JazzWeek Vocalist of the Year 2005
"The thing that Bill gave me was the idea that jazz could be delicate. He let me know that there was a place for me in jazz, that I could use my voice in this music. He had introduced something new and fresh—that bittersweet harmonic sense of his, never too sweet, with that undercurrent of tragedy. If people would listen to Bill Evans, there would be no need for smooth jazz." —Tierney Sutton
Tierney Sutton is one great jazz singer, or more accurately, one great jazz musician. Her intonation and rhythmic skills are superb; she can improvise, with and without lyrics; she selects great material and immerses herself in both its verbal and musical meanings; and she is not afraid to take risks. All bases are covered when Sutton sings, from technical dazzle to unadorned emotion.
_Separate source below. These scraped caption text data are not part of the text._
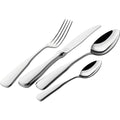 ZWILLING MAYFIELD Zestaw sztućców (68 elementów)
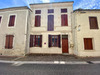 Ma-Cabane - Vente Maison Monclar, 170 m²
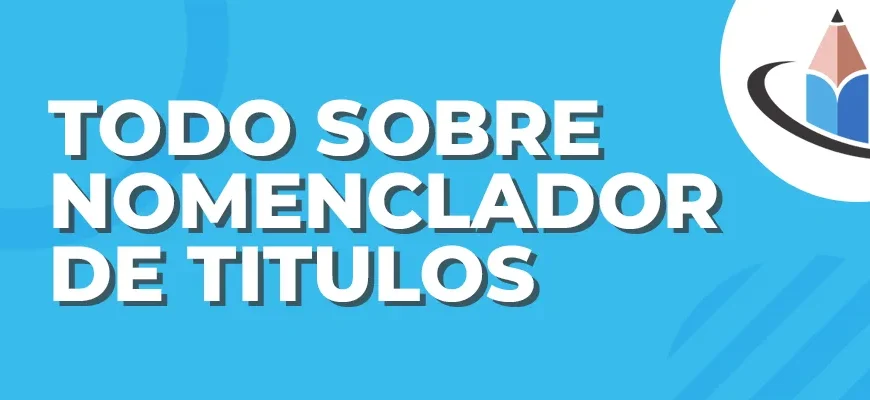 slot gacor b2–(haha303) –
Sutton's Blue in Green, is a new album of music written by or associated with the late pianist and composer Bill Evans (1929-1980), one of the most influential figures in all of jazz history. Featuring fourteen incredible performances, Sutton's second Telarc release swings with straight-ahead abandon on "Autumn Leaves" and in contrasting time signatures on "Someday My Prince Will Come," captures grief with "Turn Out the Stars" and bittersweet hope on "We Will Meet Again," displays rhythmic poise at tricky, complex tempos on "Just Squeeze Me" and "Never Let Me Go," and closes with the lone selection Evans never recorded "Old Devil Moon." Evans' former drummer Joe La Barbera appears as a guest on the medley "Waltz for Debby/Tiffany."
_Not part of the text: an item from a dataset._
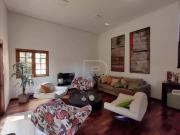 Casa de Condomínio para venda em Granja Viana de...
Raised in Milwaukee, Wisconsin, Tierney Sutton is currently head of the jazz vocal department at the University of Southern California. She moved to California after more than a decade during which she launched her career in the Boston area. After settling in Los Angeles, she had a chance to hear Jack Sheldon's Big Band—and pianist Christian Jacob, bassist Trey Henry and drummer Ray Brinker were the rhythm section. Sheldon asked Sutton to sit in, people heard what she could do, and soon work started coming her way. Jacob, Henry and Brinker also landed themselves a new gig—as part of the Tierney Sutton Quartet that now tours the United States.
On her Telarc debut, Unsung Heroes (CD-83477), Sutton took popular jazz standards that are commonly known as instrumentals such as Joe Henderson's "Recordame," Clifford Brown's "Joy Spring," Wayne Shorter's "Speak No Evil," Dizzy Gillespie's "Con Alma" and others and recorded them with vocals.